Yes but this never happens on high difficulty due to the AI happiness bonus.

Honestly, AI happiness generally seems to hang in the same range as mine. :shobon:

To answer the original question: the point of having some Tourism when you're not going for cultural victory is that you can chip away at the unhappiness you're getting from culture-oriented civs with different ideologies.

Mwip57 posted:

After finishing a game as Venice I've decided I don't like the new tourism mechanic at all. It seems like in order to win with it you have to have lots of cities and/or have a science lead to get to the tourism boosting things. This was kind of a shock to me as I decided to play Venice as a tall empire. I was unable to get influential with everyone till turn 550, and the very last civ was the Netherlands which I was forced to basically knock out of the game because they were also going for a cultural victory.

This is pretty lovely in my mind. Cultural victory used to be about having a small empire and was less concerned with tech and killing people off. Now it's win condition is pretty much the same as every other win condition: "Have the biggest and best cities, the most tech, and kill anyone who gets in your way"

Anyone find differently? This was on King and I did make some mistakes, but overall I just felt like I could easily win with other conditions (domination, diplomacy, etc) before winning with culture despite going for tourism the whole game.

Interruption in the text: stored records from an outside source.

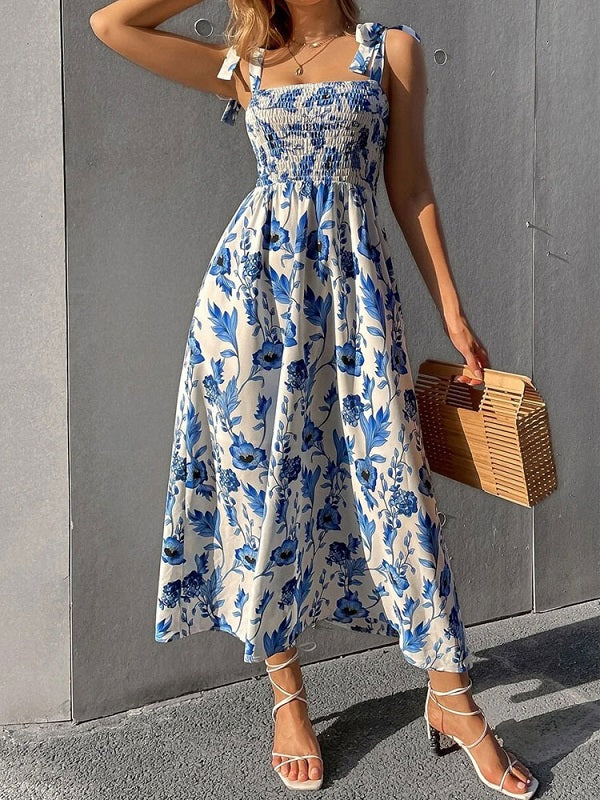 Floral Print Polyester Lace Up Beach Dress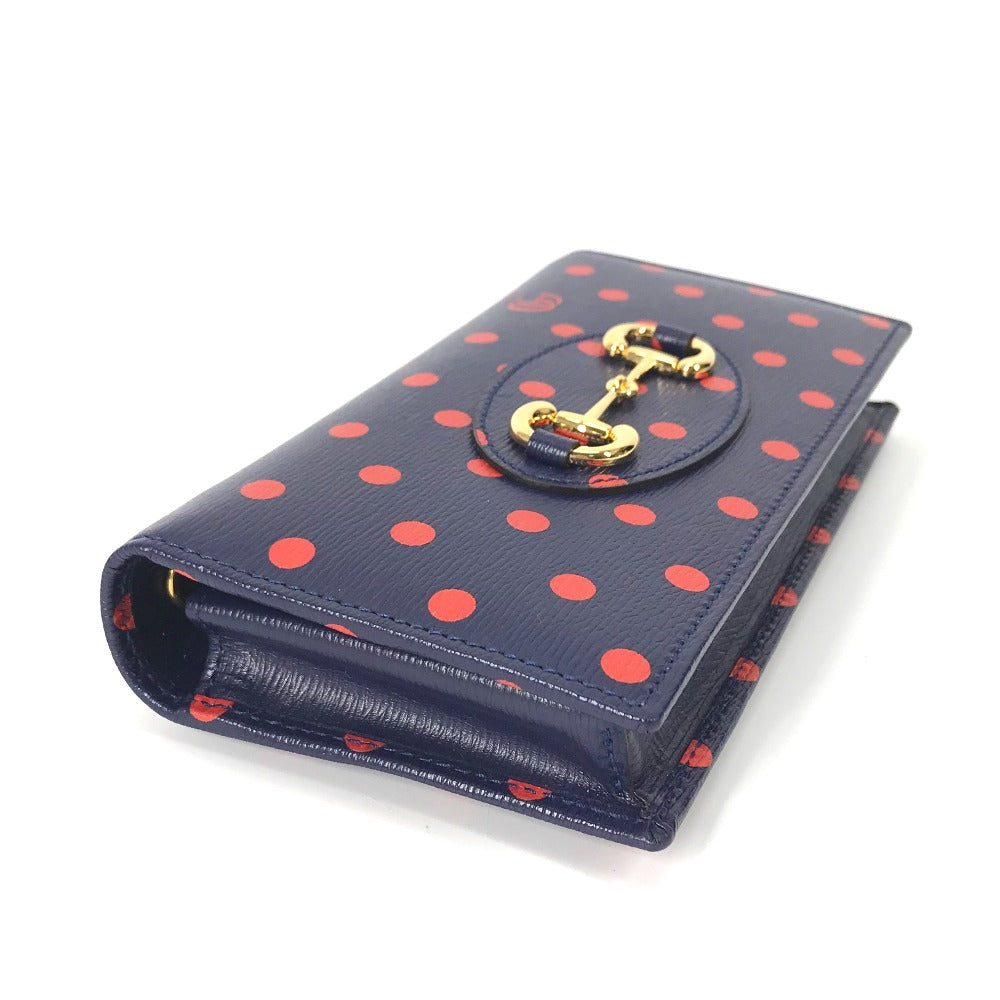 GUCCI 621892 ホースビット 1955 ドット 水玉 チェーンウォレット ショルダーバッグ 斜め掛け 長財布 レザー レディース ネイビー×レッド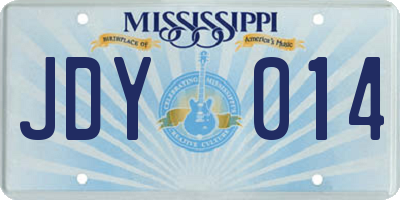MS license plate JDY014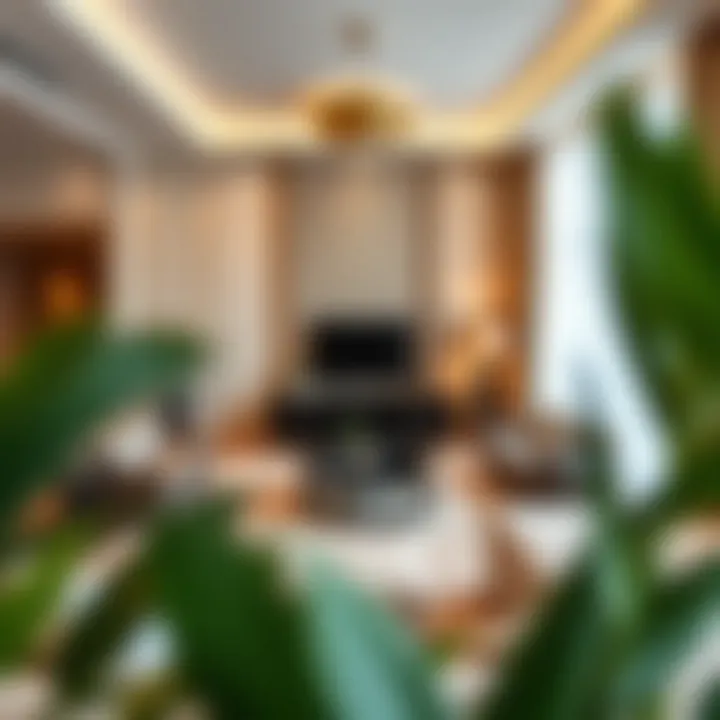 Luxurious living room inside Al Manar Grand Hotel Apartment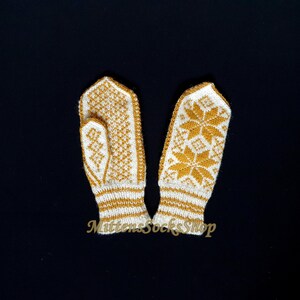 Hand Knit Nordic Wool Mittens: White & Mustard Scandinavian Gloves image 8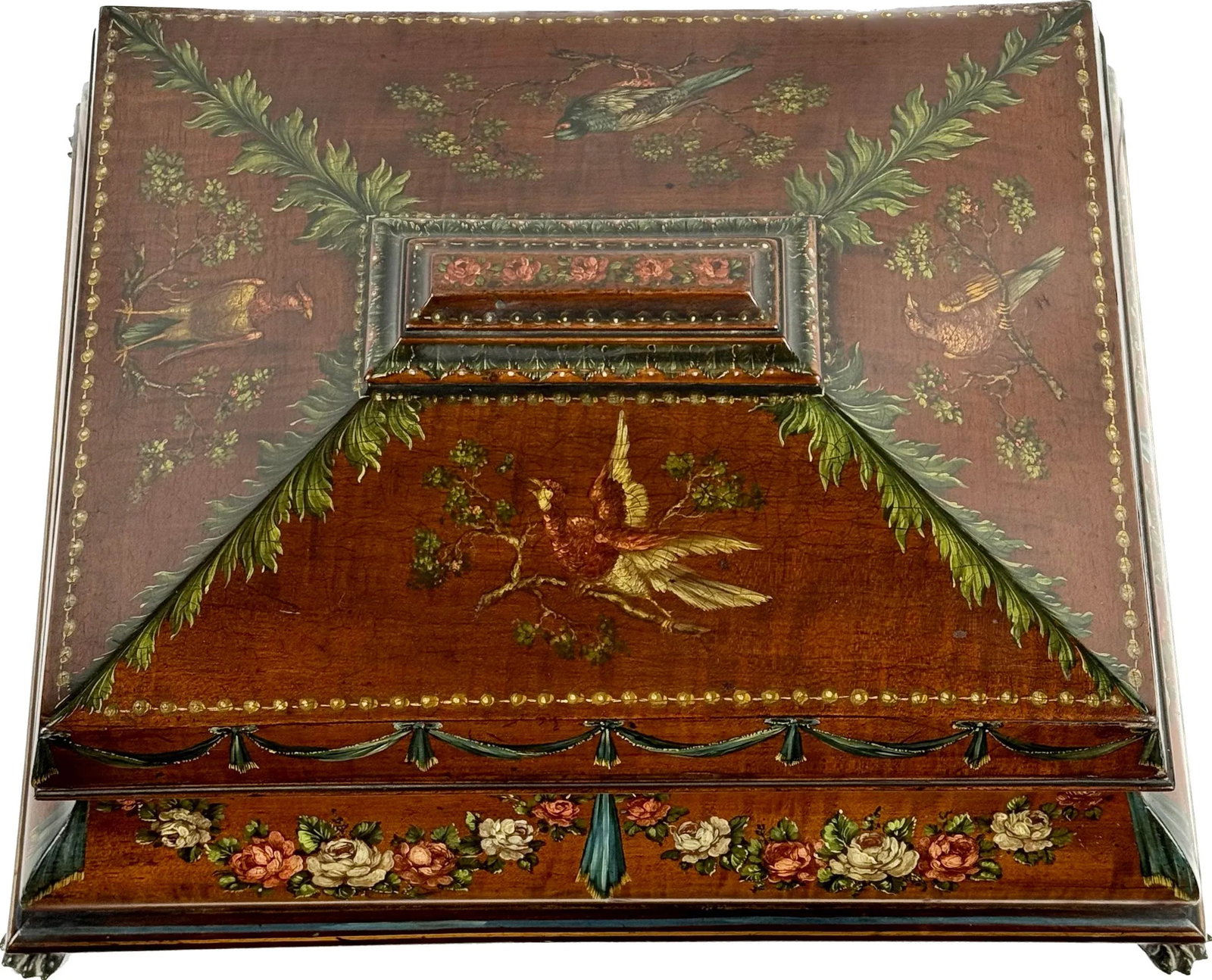 19th Century Painted Satinwood Dresser Box - 2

Tall culture has always been a slow victory and tech was always pretty important on real difficulties. Kind of hard to win a culture victory in G&K if you're just starting to roll out broadcast towers while someone's building Hubble. Also I'm pretty sure wide puppet culture was the fastest way to get culture wins pre-BNW, so yes it did pay to have a big empire and kill people off.

So far in BNW I haven't done a strict tall game (I like my megacities, but delicious food caravans keep encouraging me to settle a few extra cities) but it feels like a 4 city culture game should rock pretty hard. I've done a 7-city culture win and a 5-city science win, and I think if I had focused culture/tourism on the science game that I'd have done fine going for a culture win. Remember that in BNW tech costs scale with number of cities, so tall civs have an easier time competing on tech.

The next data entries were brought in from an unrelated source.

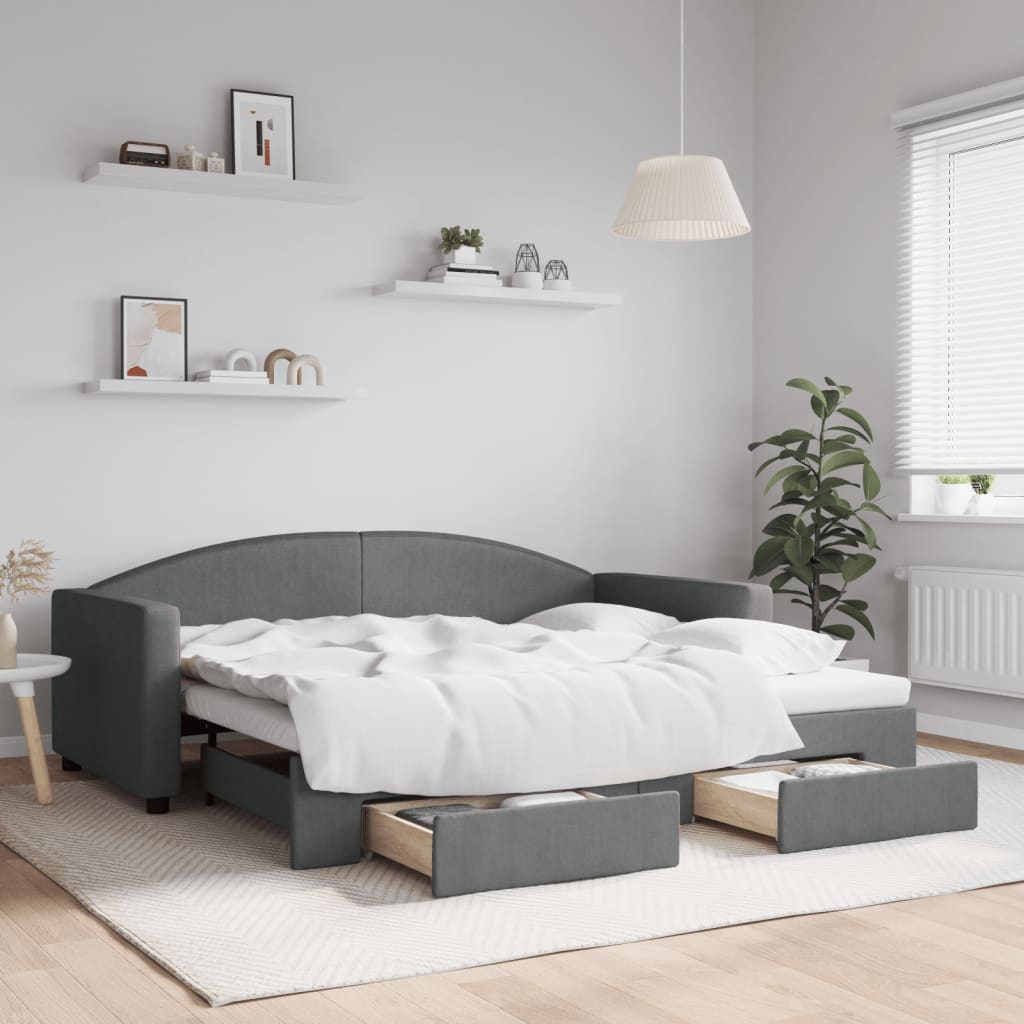 daybed med udtræk og skuffer 90x190 cm stof mørkegrå billede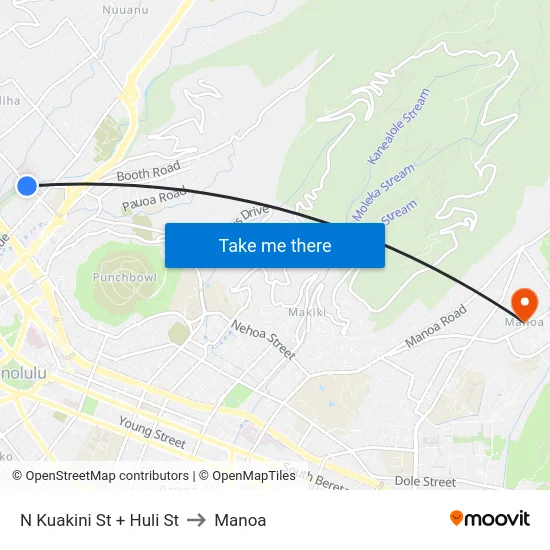 N Kuakini St + Huli St to Manoa map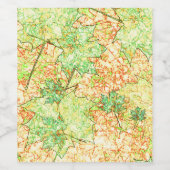 Abstraktes Acerblatt auf zerkratztem Boden, beige Weinetikett (Einzelnes Label)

EDIT: The game feels a lot slower now, I got the science win on something like turn 330 and absolutely no one was within range of victory (the first World Leader vote was a turn or two away, but no one had enough money to buy all the city-state votes needed.) This is standard speed and immortal and there were some very healthy AI players in the game, which pre-BNW would probably mean a loss when launching that late.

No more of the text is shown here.